Historically, the commonly used mnemonic for metabolic acidosis has been MUDPILES (methanol, uremia, diabetic ketoacidosis, phenformin or paraldehyde, lactate, ethanol or ethylene glycol, and salicylates). However, this mnemonic has four shortcomings: not all of its elements are toxic agents; the toxins phenformin and paraldehyde rarely are used clinically, if at all; newer agents are associated with metabolic acidosis (e.g., metformin); and common and important agents (e.g., cyanide and ibuprofen) are not included. The mnemonic therefore no longer has great clinical value.

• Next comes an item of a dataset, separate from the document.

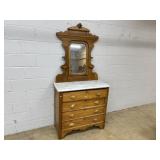 Marble Top 4-drawer Cottage Chest of Drawers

METABOLIC ACIDOSIS WITH A NORMAL ANION GAP (HYPERCHLOREMIC METABOLIC ACIDOSIS) Metabolic acidosis with normal anion gap results from a loss of fluid with a bicarbonate concentration greater than chloride concentration, the addition of acids with chloride as their associated anion, or the transient dilution of extracellular bicarbonate with nonbicarbonate solutions. To maintain electroneutrality, the decrease in serum bicarbonate is associated with a proportionate increase in the serum chloride level. For example, in diarrhea, bicarbonate loss is greater than chloride loss; thus, hyperchloremia develops. Accompanying this is extracellular volume contraction, which stimulates renal retention of sodium with chloride, rather than of bicarbonate, because of the increased availability of chloride. This, in turn, leads to the development of hyperchloremic metabolic acidosis. Normal anion-gap metabolic acidosis can be divided into hypochloremic and hyperchloremic forms. Box 6-2 lists the causes of normal aniongap metabolic acidosis.